Snowmass Mountain, 2019

  • Date: September 21, 2019
  • Partner: none
  • Height: 14,092 feet
  • Range: Elk
  • Route: East Slopes (Class 3)
  • Overall Distance: 22.00 miles
  • Elevation Gain: 5,800 feet (TH to summit)
  • 14ers climbed: 36 separate climbs
  • 14ers remaining: 17
  • Road Condition to Trailhead: This is any easy drive from either Aspen or Glenwood Springs.  It’s paved roads and then an easy 4 miles on dirt; a 2WD vehicle can easily make this.   

I don’t know what it was about this mountain that made me feel nervous before embarking on this climb.  Perhaps it was the stories I had heard about people getting lost.  Or maybe it was the distance involved and doing the climb solo.  Regardless, I set off from Denver on a beautiful fall Friday afternoon and arrived at the trailhead in the afternoon.  There were few cars in the parking lot.
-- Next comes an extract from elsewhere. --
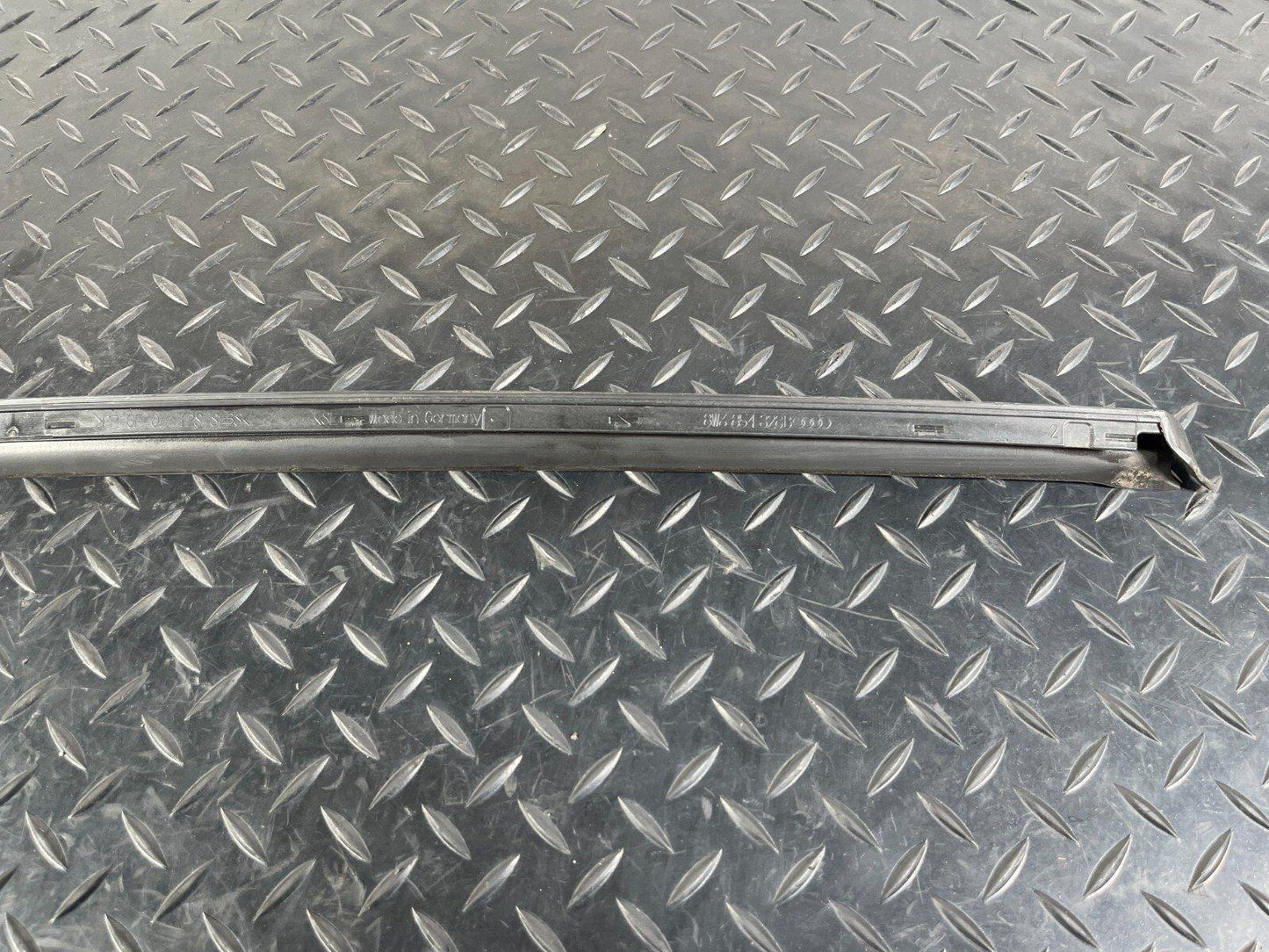 16-23 AUDI A5 SPORTBACK FRONT RIGHT  WINDSHIELD WATER DEFLECTOR STRIP 8W6854328B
I set off for a 9-mile journey due south in some of the most gorgeous country in the Elk Mountains.  All the aspen trees were fully golden in color.  It was turning chilly and a bit overcast as the trail meandered alongside Snowmass Creek for a few miles.  I momentarily got turned around at a confusing intersection of trails but was able to figure things out; be careful here.  After a couple of hours, I was treated to a stunning view of Snowmass Mountain off in the distance from an impressive overlook (see the first picture in my album below).

It was approaching evening as I made a crossing of Snowmass Creek via a huge logjam.  I turned on the afterburners because I was loosing light and still had a few miles to go.  You will gain about 2,600′ of elevation just on this approach hike, so do not underestimate it 🙂  Once again, you will come across a confusing intersection of trails just before Snowmass Lake; be careful here and head straight ahead.  Once I arrived at the lake, it was pitch black.  I found a spot to pitch my tarptent by headlamp, jumped in, got underneath my quilt shivering and tired, and could barely finish a sandwich before falling fast asleep. 

I slept straight through until about an hour before dawn.  I cached all unnecessary gear, trimmed down to my alpine kit, and set off to make my way around the lake.  Regrettably, I never found any trail.  After crashing through dwarf willow thickets and muddy bog for an hour in the dark on the south side of the lake, I finally arrived to where the real climbing began.  

There was a very steep ascent coming up from the lake, with poorly defined trail, over fine powder and loose, small scree.  My mistake was that I stayed too far to the left, when I should have stayed to the right and hiked up an obvious creek bed with more structure for footing.  It got so steep that with the poor footing, there was a point where I started to feel the first waves of panic.  My fall last year on Maroon Peak definitely has made me more conservative in my approach to mountain climbing and it also reminded me of the fact that I am human.  I had to calm myself down for a few minutes and was able to gingerly make my way laterally into the creek drainage and continue the ascent.

Once at the top of the first rise, there was a vast, gently ascending, grassy plateau heading into a large boulder field with snow drifts.  I could plainly see the summit ridge and, in the absence of any trail, decided to gain it to the left (to the south).  Taking my time, it took the better part of an hour to get to base of the summit ridge.  Thank goodness I had my Kahtoola microspikes with me.  This was a recurring theme in all my trips this year as there literally was snow in the mountains all summer long.         

At the base of a rocky knob, now the climbing became Class 3.  I made my way to a notch on the spine and was greeted with a stout, cold wind.  Looking to the northwest, there was a long, moderate ascent to the summit with plenty of exposure and steep places to take a fall.  There were no other climbers around.  In fact, I had not seen anyone since yesterday afternoon.  Very carefully, testing every ledge, foothold, and handhold, I crawled along the west side of the spine of the summit ridge and took all the time in the world.  There were cairns here and there and places where you could see a trail that frustratingly vanished into a dozen braids.  It was slow going.  The summit block itself was an interesting problem and took me a few tries to find a route.  I summited just around noon and hunkered down in the boulders up top to rest for a few minutes, eating some chocolate and drinking my usual celebratory Mountain Dew for energy.

You can well-imagine how much time it took me to get back to my camp site.  I pumped a few more bottles of water, packed up the rest of my gear, put in my ear buds for some music and podcasts, and headed off at a quick pace down the trail.  It was nice and sunny and pleasantly warm.  I arrived at my car early evening and prepared myself for the long drive back to Denver.

To be honest, I am really glad this climb is behind me.  It is a long, serious commitment best done over two full days if you are in shape.  I am going to give this a solid 7-to-8 on my Colorado 14er scale of difficulty.  If you are going try this, especially as a solo endeavor, then you need to take it seriously.  The good news is that it is exquisitely beautiful and you will be able to say you truly accomplished something.